MXNet Forum

Example SSD cannot load model if trained with resnet50


I trained an SSD model via SageMaker that is AFAIK uses the code.

After training the model is expected to be converted to a “deployable” state which removes the loss symbols by running the script. Afterwards, I load the model with the following code:

sym, arg_params, aux_params = mx.model.load_checkpoint(‘deploy_ssd_vgg16_reduced_512’, 0)
mod = mx.mod.Module(symbol=sym, context=ctx, label_names=None)
mod.bind(for_training=False, data_shapes=[(‘data’, (1,3,512,512))],
mod.set_params(arg_params, aux_params, allow_extra=True)

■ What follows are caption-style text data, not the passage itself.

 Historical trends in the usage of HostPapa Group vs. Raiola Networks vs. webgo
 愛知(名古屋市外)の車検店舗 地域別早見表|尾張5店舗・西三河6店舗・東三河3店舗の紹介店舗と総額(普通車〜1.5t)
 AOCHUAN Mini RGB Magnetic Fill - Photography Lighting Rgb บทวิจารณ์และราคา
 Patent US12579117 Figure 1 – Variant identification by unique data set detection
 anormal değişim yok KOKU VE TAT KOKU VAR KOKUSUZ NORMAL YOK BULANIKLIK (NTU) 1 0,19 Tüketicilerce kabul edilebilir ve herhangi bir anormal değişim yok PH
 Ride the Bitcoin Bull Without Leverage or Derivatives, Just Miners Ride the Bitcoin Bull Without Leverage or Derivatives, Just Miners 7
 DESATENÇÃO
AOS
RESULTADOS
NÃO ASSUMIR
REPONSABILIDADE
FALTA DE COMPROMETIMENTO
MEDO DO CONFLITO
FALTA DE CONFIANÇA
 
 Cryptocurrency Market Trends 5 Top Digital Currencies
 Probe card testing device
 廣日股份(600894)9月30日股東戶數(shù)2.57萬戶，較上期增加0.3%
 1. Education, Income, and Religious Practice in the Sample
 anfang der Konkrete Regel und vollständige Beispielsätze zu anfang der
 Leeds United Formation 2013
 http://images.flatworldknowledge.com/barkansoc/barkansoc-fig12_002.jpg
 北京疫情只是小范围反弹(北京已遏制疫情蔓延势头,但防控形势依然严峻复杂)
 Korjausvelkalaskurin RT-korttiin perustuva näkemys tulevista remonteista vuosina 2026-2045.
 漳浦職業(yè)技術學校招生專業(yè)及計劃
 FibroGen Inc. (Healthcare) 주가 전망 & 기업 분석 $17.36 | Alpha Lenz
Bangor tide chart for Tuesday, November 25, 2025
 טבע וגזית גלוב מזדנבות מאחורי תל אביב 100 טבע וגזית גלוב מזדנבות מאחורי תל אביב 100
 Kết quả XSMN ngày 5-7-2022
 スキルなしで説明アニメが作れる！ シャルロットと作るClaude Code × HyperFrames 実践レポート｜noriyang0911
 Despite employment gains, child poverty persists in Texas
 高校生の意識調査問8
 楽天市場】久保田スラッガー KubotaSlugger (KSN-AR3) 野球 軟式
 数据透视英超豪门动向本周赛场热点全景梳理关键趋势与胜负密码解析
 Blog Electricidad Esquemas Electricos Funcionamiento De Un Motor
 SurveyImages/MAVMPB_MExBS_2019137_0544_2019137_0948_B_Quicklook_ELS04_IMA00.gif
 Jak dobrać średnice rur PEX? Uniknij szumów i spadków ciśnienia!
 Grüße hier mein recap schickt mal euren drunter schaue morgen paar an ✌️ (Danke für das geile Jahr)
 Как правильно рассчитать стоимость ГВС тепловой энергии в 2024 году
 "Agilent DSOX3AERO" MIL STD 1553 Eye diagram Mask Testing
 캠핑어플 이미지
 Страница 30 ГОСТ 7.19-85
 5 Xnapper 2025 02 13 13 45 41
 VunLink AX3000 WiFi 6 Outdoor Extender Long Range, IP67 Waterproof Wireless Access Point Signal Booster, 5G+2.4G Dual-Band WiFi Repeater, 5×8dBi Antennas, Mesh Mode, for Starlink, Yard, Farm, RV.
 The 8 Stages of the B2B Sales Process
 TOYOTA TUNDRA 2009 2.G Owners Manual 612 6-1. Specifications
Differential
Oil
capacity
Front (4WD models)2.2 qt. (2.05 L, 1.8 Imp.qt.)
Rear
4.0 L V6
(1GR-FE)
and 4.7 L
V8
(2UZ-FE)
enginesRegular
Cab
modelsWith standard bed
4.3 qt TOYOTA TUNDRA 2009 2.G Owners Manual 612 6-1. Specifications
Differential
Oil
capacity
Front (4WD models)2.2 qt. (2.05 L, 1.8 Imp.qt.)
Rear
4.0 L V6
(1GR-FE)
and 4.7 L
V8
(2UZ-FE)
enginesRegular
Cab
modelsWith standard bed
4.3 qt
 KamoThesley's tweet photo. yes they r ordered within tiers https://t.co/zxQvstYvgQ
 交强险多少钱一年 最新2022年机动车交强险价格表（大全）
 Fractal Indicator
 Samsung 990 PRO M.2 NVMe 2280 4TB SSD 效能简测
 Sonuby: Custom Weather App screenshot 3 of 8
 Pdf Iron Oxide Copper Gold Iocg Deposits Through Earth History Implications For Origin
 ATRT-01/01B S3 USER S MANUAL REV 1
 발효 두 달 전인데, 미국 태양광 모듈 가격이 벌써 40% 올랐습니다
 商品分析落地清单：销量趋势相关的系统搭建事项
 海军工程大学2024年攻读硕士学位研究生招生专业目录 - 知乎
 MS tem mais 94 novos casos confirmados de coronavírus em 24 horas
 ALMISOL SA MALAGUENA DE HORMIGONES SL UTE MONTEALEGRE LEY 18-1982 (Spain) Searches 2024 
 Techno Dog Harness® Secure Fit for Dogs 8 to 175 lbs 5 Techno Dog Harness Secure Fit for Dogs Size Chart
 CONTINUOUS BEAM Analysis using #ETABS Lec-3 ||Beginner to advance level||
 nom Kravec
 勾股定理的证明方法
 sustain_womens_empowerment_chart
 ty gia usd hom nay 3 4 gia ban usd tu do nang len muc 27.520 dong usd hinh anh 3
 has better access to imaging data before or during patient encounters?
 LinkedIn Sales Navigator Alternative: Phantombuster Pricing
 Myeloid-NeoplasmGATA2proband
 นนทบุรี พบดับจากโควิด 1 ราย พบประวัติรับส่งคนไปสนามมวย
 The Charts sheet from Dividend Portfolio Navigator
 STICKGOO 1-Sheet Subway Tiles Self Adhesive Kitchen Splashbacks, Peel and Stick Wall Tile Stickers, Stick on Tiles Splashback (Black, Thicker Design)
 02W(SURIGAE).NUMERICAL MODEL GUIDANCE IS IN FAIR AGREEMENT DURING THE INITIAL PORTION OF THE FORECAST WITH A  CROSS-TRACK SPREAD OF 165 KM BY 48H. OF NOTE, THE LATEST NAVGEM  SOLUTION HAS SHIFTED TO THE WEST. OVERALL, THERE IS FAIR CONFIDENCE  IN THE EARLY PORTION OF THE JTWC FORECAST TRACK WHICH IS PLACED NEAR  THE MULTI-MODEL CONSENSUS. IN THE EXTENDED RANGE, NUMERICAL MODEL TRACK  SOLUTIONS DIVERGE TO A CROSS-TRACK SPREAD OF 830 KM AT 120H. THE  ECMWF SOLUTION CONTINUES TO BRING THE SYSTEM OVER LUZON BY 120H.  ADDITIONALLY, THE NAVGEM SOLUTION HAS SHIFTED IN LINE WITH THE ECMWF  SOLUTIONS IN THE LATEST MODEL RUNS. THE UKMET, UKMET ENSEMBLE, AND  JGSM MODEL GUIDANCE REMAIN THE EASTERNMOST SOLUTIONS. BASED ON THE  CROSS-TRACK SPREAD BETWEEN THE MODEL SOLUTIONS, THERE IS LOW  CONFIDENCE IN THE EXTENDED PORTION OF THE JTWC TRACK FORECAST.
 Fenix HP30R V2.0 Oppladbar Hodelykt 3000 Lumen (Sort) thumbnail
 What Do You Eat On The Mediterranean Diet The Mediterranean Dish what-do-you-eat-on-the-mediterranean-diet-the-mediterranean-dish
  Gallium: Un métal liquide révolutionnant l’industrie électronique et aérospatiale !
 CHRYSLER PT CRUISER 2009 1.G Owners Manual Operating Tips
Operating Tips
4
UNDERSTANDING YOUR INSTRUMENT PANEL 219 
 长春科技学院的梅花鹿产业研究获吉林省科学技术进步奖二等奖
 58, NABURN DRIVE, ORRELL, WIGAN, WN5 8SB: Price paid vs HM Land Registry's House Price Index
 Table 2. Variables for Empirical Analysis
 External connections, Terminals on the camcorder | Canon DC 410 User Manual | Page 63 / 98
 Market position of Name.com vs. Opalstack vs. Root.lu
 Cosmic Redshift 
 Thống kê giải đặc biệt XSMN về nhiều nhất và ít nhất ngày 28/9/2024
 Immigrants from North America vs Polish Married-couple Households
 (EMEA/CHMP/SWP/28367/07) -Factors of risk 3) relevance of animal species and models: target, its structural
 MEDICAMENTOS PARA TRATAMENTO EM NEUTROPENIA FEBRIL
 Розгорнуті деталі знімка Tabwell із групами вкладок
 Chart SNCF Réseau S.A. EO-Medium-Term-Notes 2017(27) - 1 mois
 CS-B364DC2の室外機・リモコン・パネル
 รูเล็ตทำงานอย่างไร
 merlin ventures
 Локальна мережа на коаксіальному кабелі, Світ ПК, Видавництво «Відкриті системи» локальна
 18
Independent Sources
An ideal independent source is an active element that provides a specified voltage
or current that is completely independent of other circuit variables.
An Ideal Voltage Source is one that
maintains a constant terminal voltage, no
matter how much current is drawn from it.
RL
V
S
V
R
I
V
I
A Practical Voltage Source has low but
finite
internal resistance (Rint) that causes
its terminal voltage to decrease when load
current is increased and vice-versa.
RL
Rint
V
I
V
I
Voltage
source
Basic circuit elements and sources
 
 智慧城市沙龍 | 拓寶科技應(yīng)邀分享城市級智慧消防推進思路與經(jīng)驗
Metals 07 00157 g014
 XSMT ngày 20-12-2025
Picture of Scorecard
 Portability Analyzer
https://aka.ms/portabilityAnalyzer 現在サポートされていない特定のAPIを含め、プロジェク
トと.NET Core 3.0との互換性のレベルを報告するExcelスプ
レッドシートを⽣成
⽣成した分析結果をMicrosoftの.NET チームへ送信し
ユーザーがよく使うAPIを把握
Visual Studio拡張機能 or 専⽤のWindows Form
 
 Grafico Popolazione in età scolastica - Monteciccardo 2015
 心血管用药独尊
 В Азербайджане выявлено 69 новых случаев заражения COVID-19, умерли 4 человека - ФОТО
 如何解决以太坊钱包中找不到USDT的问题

This works fine as long as the model is trained with a VGG feature extractor. However, Sagemaker (and hence the example code) allows training with resnet50 which produces a model that can be converted with but the resulting model cannot be loaded anymore with the above code. The error I am getting is:

RuntimeError: _plus12_cls_pred_conv_bias is not presented

And indeed the BN params and few other are missing from the param file. Maybe the deploy script is bugged with resnet50?



so looking at the deploy script it seems it gets the network symbols from so there might be a bug in the config definitions for resnet. Haven’t been able to pin-point what exactly though


Thanks for the reply. Turns out it was a SageMaker bug producing wrong model files.